Sorry, don't like the idea that everything must be stuck together. IMO it would be better to have separate church and separate community building.
Sometimes it has to be that way, plus it is easier to heat and cool one building, and cheaper to do so. There are a lot of reasons for keeping them in one building.
As some others have said, my only reservations from an artistic and historical perspective is that it does not have an entrance separate from the parish hall. I understand the idea of combining different buildings together, but I do not think it is necessary to reduce the qualities of the entrance to the church to be in fact entrance to the parish hall and putting a baptistery where the entrance should be.
The appearance of the section for a baptistery that looks from the outside like a second apse is probably the part I am most frustrated with.
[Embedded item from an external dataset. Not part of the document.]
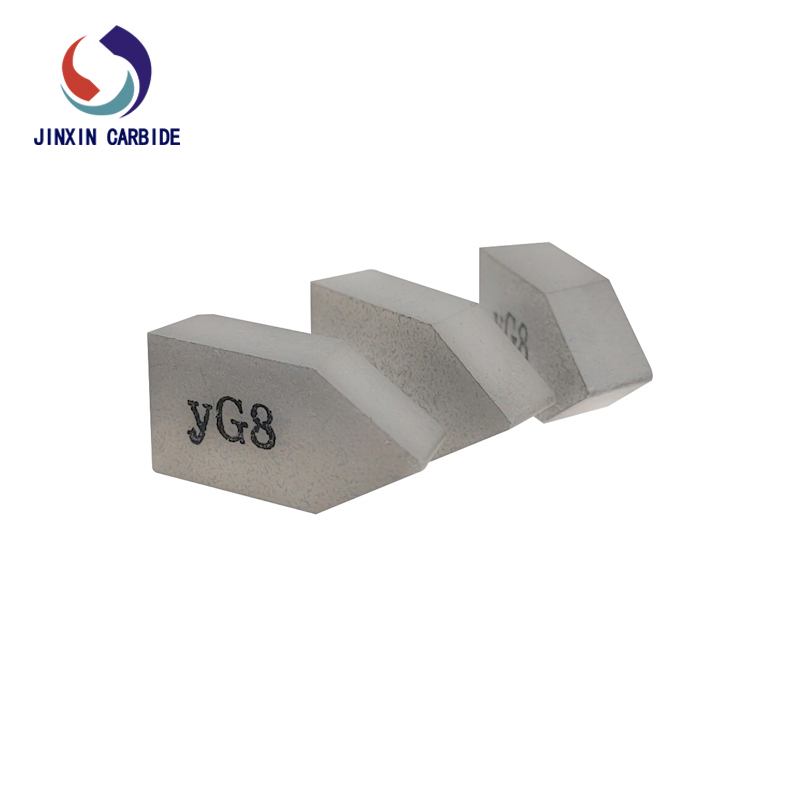 YG8 C122 เม็ดมีดประสานทังสเตนคาร์ไบด์สำหรับการกลึงเหล็กขั้นสุดท้าย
This kind of combination has been done by byzantine rite churches before as well, sometimes with the exact same issues, others not, these criticisms are not unique to this blueprint by any means.
The building is for the most part good and traditional. It will be a fine example of a western rite orthodox church in the USA.
I like it, it reminds me of the SSPX seminary blueprints for Charlottesville, VA, which are also Romanesque in essence.
Fr. Patrick and his congregation surely deserve to have a building this attractive. With all their struggles to achieve this it will be very rewarding and fulfilling to have this building finished and in use ASAP.